There are still a lot of receivers that have sold at the mid of it and at the near top. Those are easy and free money and no matter how low they'd sell, they've just taken it for free so it's still a win. But our minds tell us that we've been a loser and missed selling at the top and that's considered as a loss already but it's not. Honestly, if I was able to sell a lot before and took profits in BNB, I'd just deposit it on the launchpool and let it run for as long as it can be. That's a lot of free money coming in there and surely a lot of people are doing this. But the more BNB you have, the greater benefits you have to receive more rewards from the launchpool.
If you're starting out and you don't have that much. Better go directly to that project's website and try to fill out what they're requiring their users for you to max out the rewards that they're going to distribute once they hit the deadline. Because usually, most of these projects are going to be dead so when you've received the reward and trading is still hot and exclusive for most of you, don't miss selling them because hype now is different and they're quickly gone.
I'm not sweating too much; it's basically free money. I still made more than I would have made by staking USDT, so that's still a win.

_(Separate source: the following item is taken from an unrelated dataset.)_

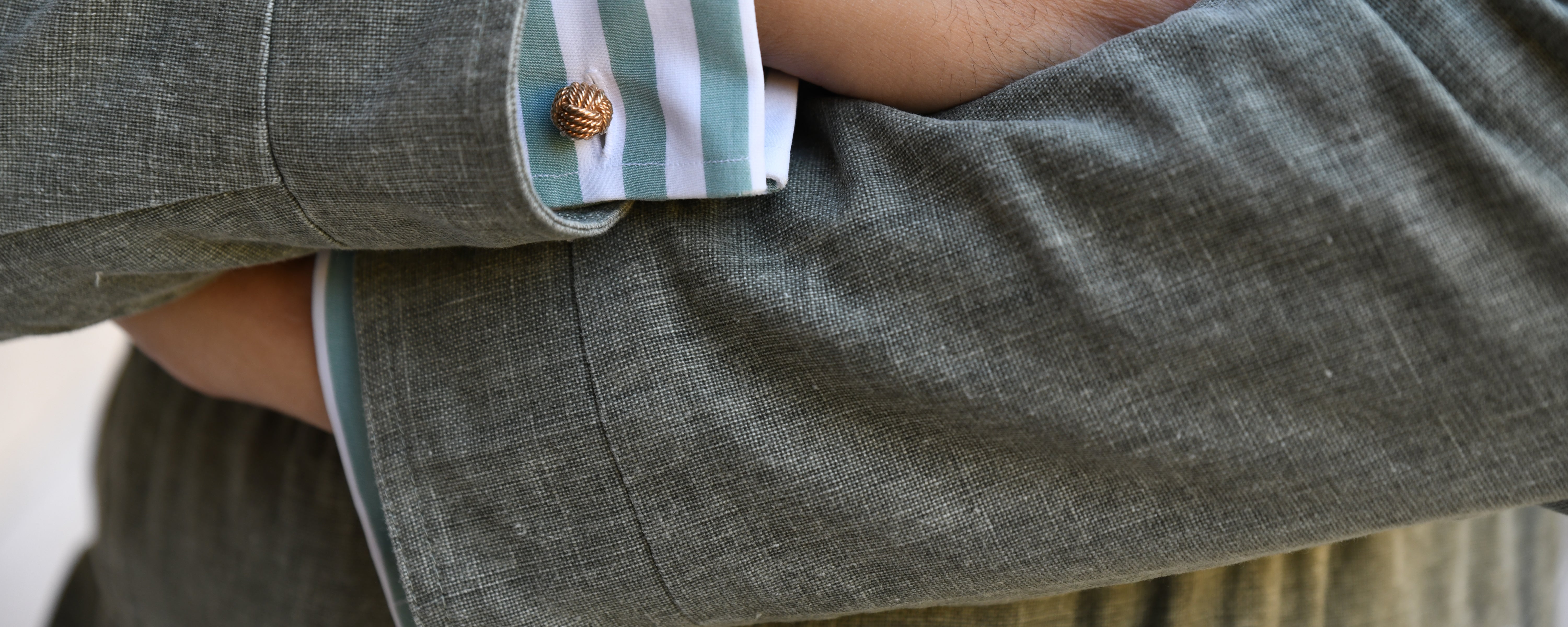 Solid Gold Monkey's Fist Knot Collection – Gentleman's Gazette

I'm not going to complain about not selling at $2.50 instead of $3; not all projects are as fruitful as others, and it's not possible to yield the maximum from every single one of them. I'm still happy for what I earned.
It's interesting to hear about your experiences with Binance's Launchpool, especially given your stance on centralized exchanges. It sounds like you've had some success with the projects you've participated in, despite acknowledging that many of the listed coins may lack long-term viability.
While Launchpool can indeed offer attractive returns in the short term, it's crucial to weigh the risks involved, including the potential for market manipulation and the volatility of newly listed tokens. As you mentioned, the opportunity cost of staking funds should also be considered.
I'm not exactly sure what you mean by your phrase "given your stance on centralized exchanges." Do you mind if I elaborate a little further? I support the services exchanges provide, but we need to distinguish that they're not meant to store cryptocurrency. I could have deposited my bitcoin as well, but I'm not going to do that for obvious reasons. Apart from that, thanks to Binance and its Launchpool, I've managed to substantially grow the money I initially deposited there. I'm also taking into account the opportunity cost of the staked funds; however, so far, the returns are higher than me staking on USDT or somewhere else.